Carta fechada para o mundo
Olá amigo,
Como vais? Bem como sempre, imagino. Mesmo quando choras, estás bem - e nunca é um bem estar de fragrância, é um bem estar intrinseco a ti próprio não é? És assim. Se calhar é por isso que te admiro tanto... tens uma paz que te ilumina os olhos e a tez da cara, e os cabelos, e o andar: e, ás vezes, até o movimento das túnicas de primavera. É por isso que te chamava anjo. Quando te vejo, tens como que uma áurea brilhante, como se fosses o céu daquelas tardes quentes de primavera, de um azul brilhante mas pacífico (nada a ver com tons religiosos, só tons... pessoais de espírito). E queria saber porquê. Porquê?? Nem sabias responder. E pensei. Procurei. Busquei. Acreditei. Mas não. Em mim, nunca houve tons mais brilhantes que o loiro oxidado na tinta do cabelo. Chorei, e fizeste-me sorrir. Sorri e dancei com os pés na água. Mas na verdade, no dia seguinte voltei a chorar. E fizeste-me rir, como sabes. E ri. E chorei. E ri. Na verdade, de cada vez acumulava mais dores pálidas no coração (ou na falta dele) nos olhos. E vejo os outros sorrir. Vejo as suas mãos dadas nos bancos do jardim, os olhares trocados subtilmente na sala de aula, o sorriso cúmplice dos amigos, os ventres contraindo-se na gargalhada: os cabelos sacudidos no descer das escada, vejo-vos a vocês! vejo-vos sim! com objectivos, dias ocupados, amores e conflitos indispensáveis: e lutas, e batalhas destinadas a vencer: emoções nas vossas vidas. Vejo-vos a vocês, todas as outras pessoas, tão lindas, tão completas, tão complexas, tão apaixonadas por qualquer coisa que só consigo... só consigo invejar. Porque nunca consigo ser pessoa. E sinto-me pequenina, solitária, vazia, transparente. Feia, esquisita, nada.

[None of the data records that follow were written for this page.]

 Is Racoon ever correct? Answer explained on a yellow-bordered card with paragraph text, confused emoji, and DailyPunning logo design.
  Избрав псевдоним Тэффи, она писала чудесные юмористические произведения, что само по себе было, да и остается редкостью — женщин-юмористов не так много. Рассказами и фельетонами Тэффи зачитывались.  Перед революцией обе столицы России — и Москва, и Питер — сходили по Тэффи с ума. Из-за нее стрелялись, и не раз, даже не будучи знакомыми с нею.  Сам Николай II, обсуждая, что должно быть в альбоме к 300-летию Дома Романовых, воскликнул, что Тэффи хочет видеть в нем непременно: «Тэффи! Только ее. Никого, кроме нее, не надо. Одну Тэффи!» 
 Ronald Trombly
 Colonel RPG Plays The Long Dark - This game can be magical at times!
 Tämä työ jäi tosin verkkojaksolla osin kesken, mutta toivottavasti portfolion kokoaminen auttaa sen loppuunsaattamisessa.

Pois é amigo, por mais voltas que dês ao assunto. Por mais vezes que me tentes rir. Ás vezes, só queria que tentasses comigo esquadrinhar as minhas dúvidas para que pudesse descobrir nelas um erro, uma incompatibilidade comigo mesma, encontrando uma razão para existir. Porque não há. Eu preferia que houvesse. Eu preferia ser qualquer outra pessoa que já se cruzou comigo - e não é um querer leve. É um sonho que me atormenta a noite e me faz não querer dormir. Queria fazer tanta coisa... nunca faço nada. Não faço, porque não vale a pena. Eu não valho a pena!

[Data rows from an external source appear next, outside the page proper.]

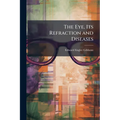 The Eye, Its Refraction and Diseases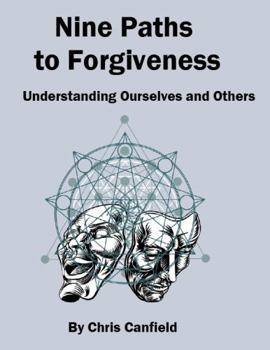 Paperback Nine Paths to Forgiveness: Understanding Ourselves & Others Book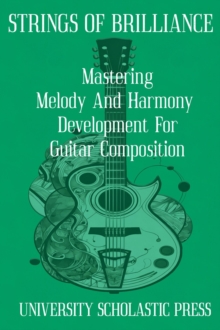 Strings Of Brilliance: Mastering Melody And Harmony Development For Guitar Composition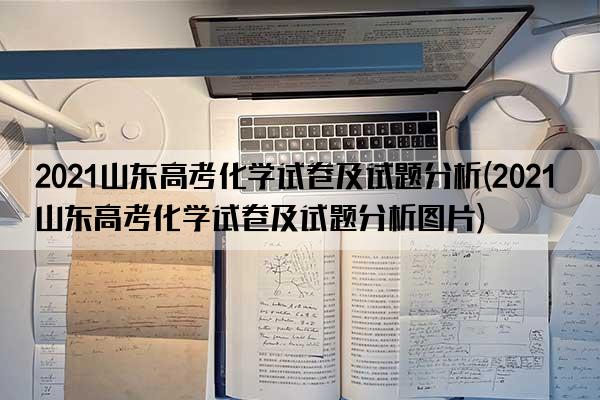 2021山东高考化学试卷及试题分析(2021山东高考化学试卷及试题分析图片)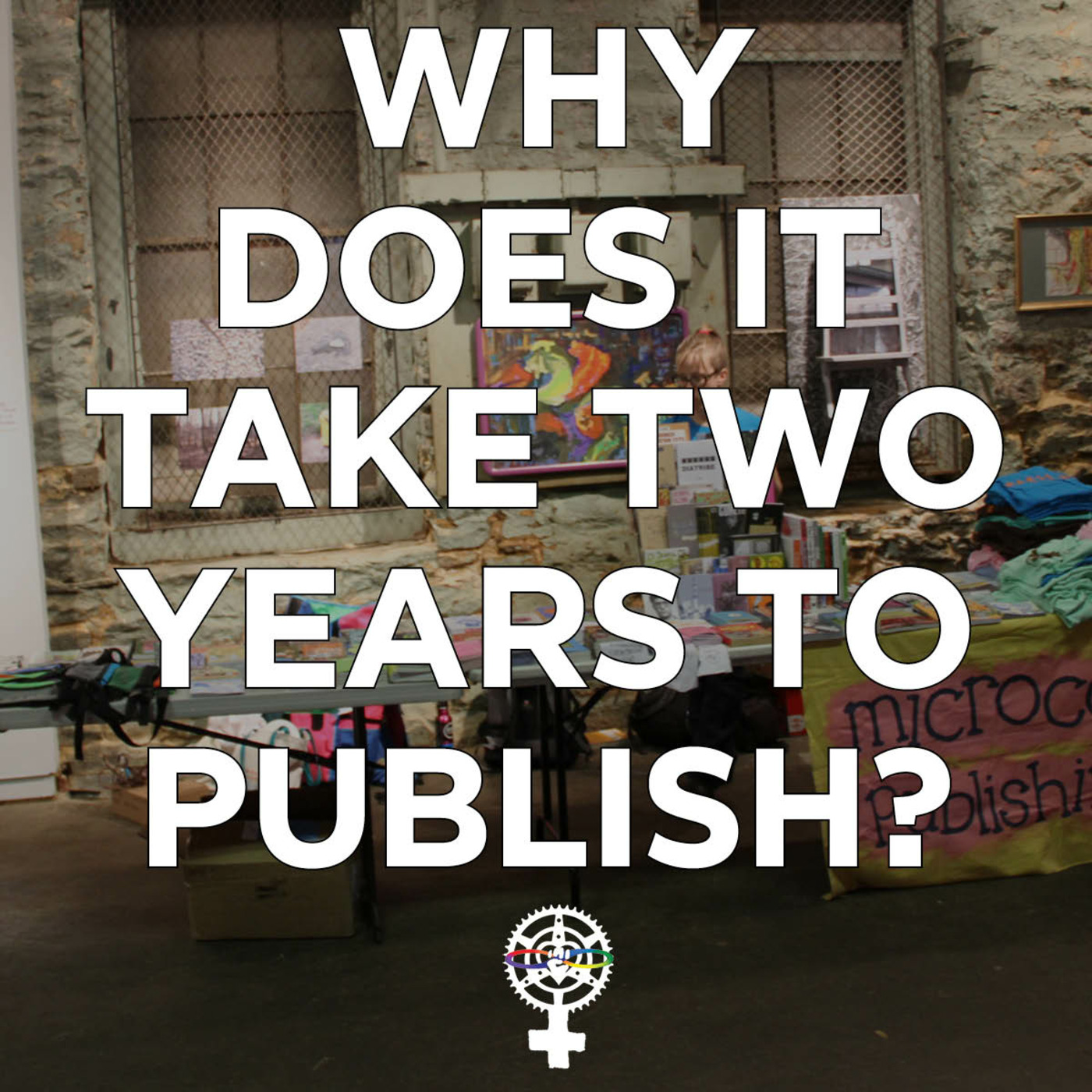 Episode 154: Why Does It Take Two Years to Publish a Book? episode artwork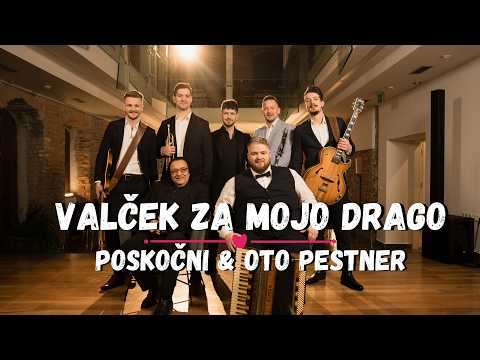 POSKOČNI & OTO PESTNER - VALČEK ZA MOJO DRAGO (Official Music Video)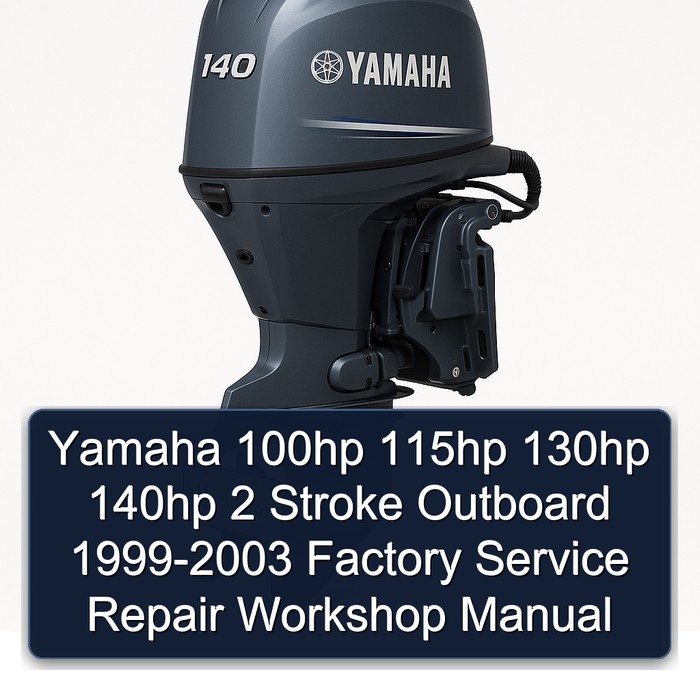 Yamaha 100hp 115hp 130hp 140hp 2 Stroke Outboard 1999-2003 Factory Service Repair Workshop Manual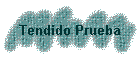 Tendido Prueba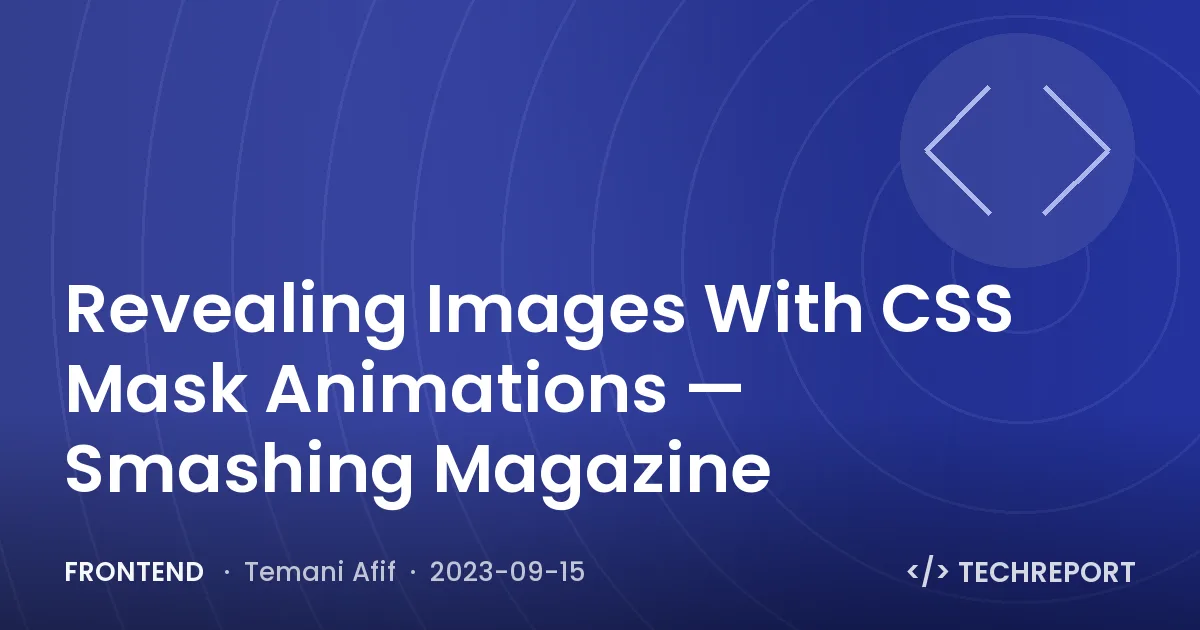 Frontend — Revealing Images With CSS Mask Animations — Smashing Magazine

Queria ser tão linda como me vês. Tão íntegra como me vêm. Tão louca como me pensam. Tão aplicada como pensava. Tão eu. E rio de novo. E quero desaparecer. É que nem sequer quero morrer. Quero só ir, e escapar das memórias de toda a gente, e deixar de existir. Mas provavelmente, fica para a próxima vez.